NEW YORK (AP) — New York’s attorney general moved Thursday to have the state’s highest court reinstate President Donald Trump’s staggering civil fraud penalty, appealing a lower-court decision that slashed the potential half-billion-dollar fine to $0.
Attorney General Letitia James’ office filed a notice of appeal with the state’s Court of Appeals, seeking to reverse the mid-level Appellate Division’s ruling last month that the penalty violated the U.S. Constitution’s ban on excessive fines.
James, a Democrat, had previously said she would appeal.
Trump declared “TOTAL VICTORY” after the Appellate Division wiped away his fine, but the five-judge panel left other punishments in place and narrowly endorsed a trial court’s finding that he committed fraud by padding his wealth on financial paperwork given to banks and insurers.
Trump, a Republican, filed his own appeal last week, asking the Court of Appeals to throw out those other punishments, which include a multiyear ban on him and his two eldest sons, Eric and Donald Trump Jr., from holding corporate leadership positions in New York.
Those measures have been on hold during the appellate process and the Appellate Division judges said in their Aug. 21 ruling that Trump can seek a court order to extend the pause pending further appeals.

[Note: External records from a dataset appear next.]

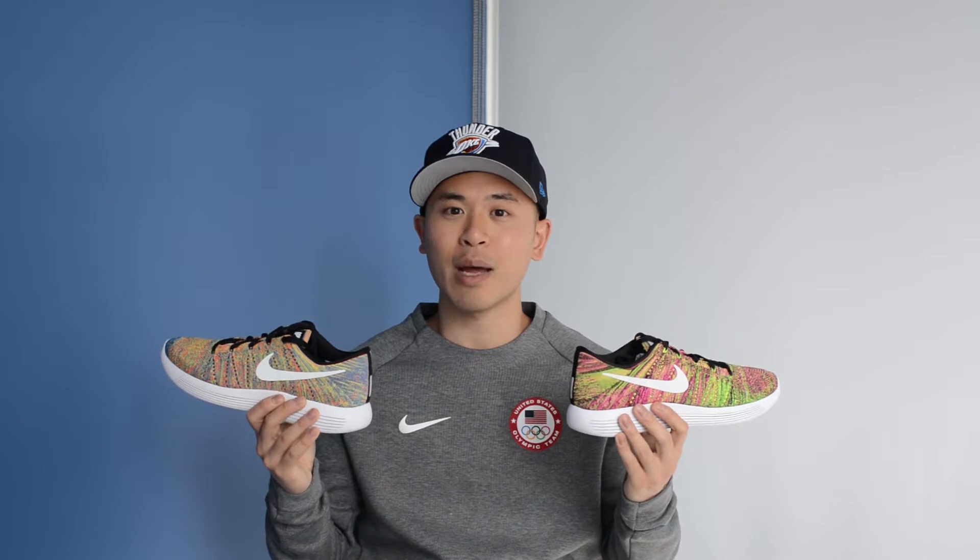Hey guys, it's Sean here and today I've got not just one but two shoes to review for you: the Nike Lunar Epic Flyknit Low in the Unlimited Olympic colorway as well as the Racer Blue Total Crimson multicolored colorway. Both pairs of these Lunar Epic Lows retailed in Canada for $215 Canadian dollars.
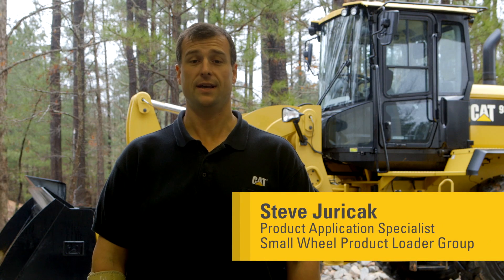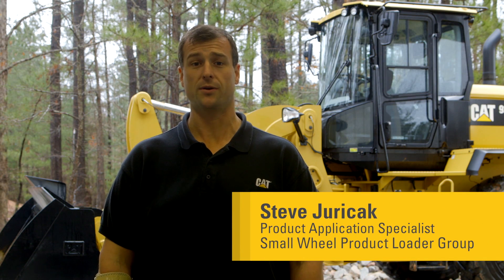Hello, I'm Steven Juracek, a product application specialist with the Small Wheel Loader Group based out of Clayton, North Carolina. I'd like to welcome you to my operator tips videos.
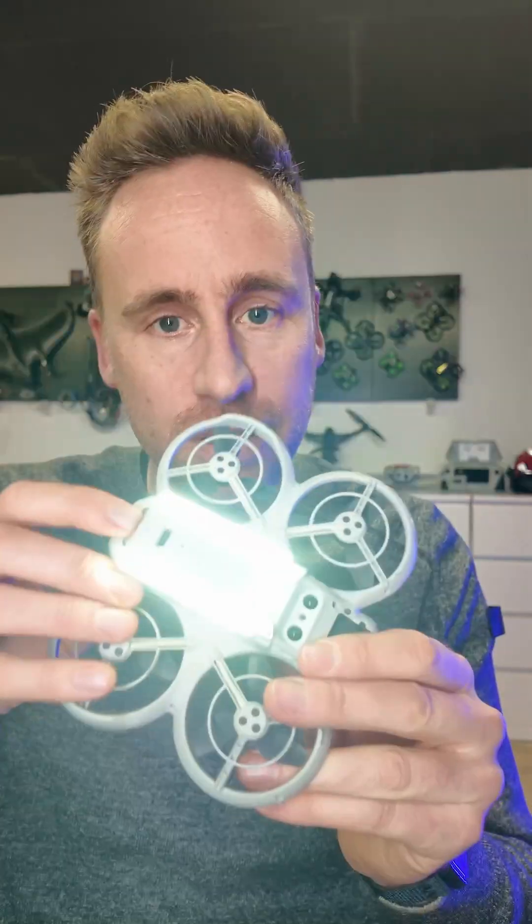Hi, welcome to my first video. We're gonna make things better today. It's just a try out for a video series that I would like to do. And today it's about the Neon.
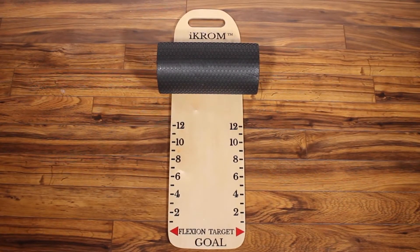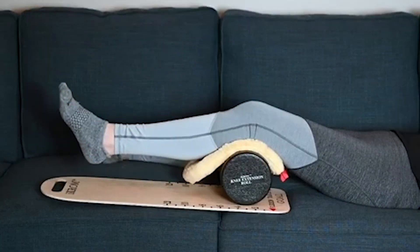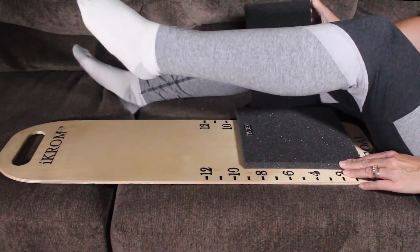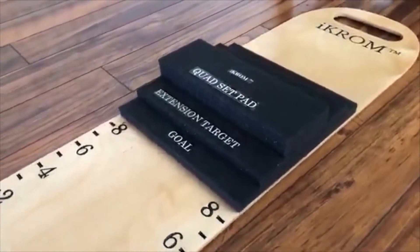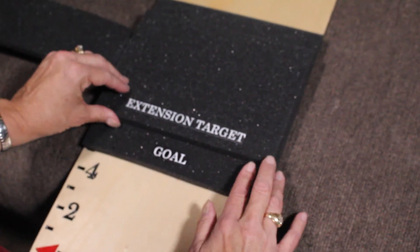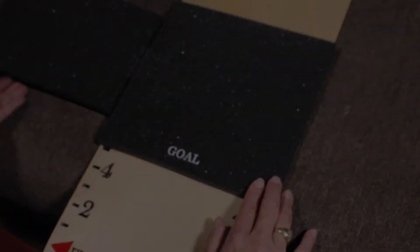To increase knee extension, the ICROM exercise kit has a knee extension role for passive and active knee extension exercises. Also included is a progressive quad set pad which functions as a knee extension target. It consists of three layers of soft high density foam to help activate the quadriceps. The foam layers are removable to quantify progress toward knee extension of zero degrees upon reaching the last layer.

Trump’s legal team accused James on Thursday of continuing a “political crusade” against Trump, saying in a statement that she “should focus on her own problems and stop wasting New York State taxpayers’ hard earned dollars on her failed Witch Hunt” against him and his business empire.
In a statement the day the Appellate Division ruled, James said: “It should not be lost to history: yet another court has ruled that the president violated the law, and that our case has merit.”
James’ appeal is the latest twist in a lawsuit she filed against Trump in 2022, which alleged that he inflated his net worth by billions of dollars on his financial statements and habitually misled banks and others about the value of prized assets, including golf courses, hotels, Trump Tower, and his Mar-a-Lago estate.
After a trial that saw a sometimes testy Trump take the witness stand, Judge Arthur Engoron ruled last year that James had proven he engaged in a yearslong conspiracy with executives at his company to deceive banks and insurers about his wealth and assets.
Engoron ordered Trump to pay $355 million — payback of what the judge deemed “ill-gotten gains” from his puffed-up financial statements. That amount soared to more than $515 million, including interest, by the time the Appellate Division ruled.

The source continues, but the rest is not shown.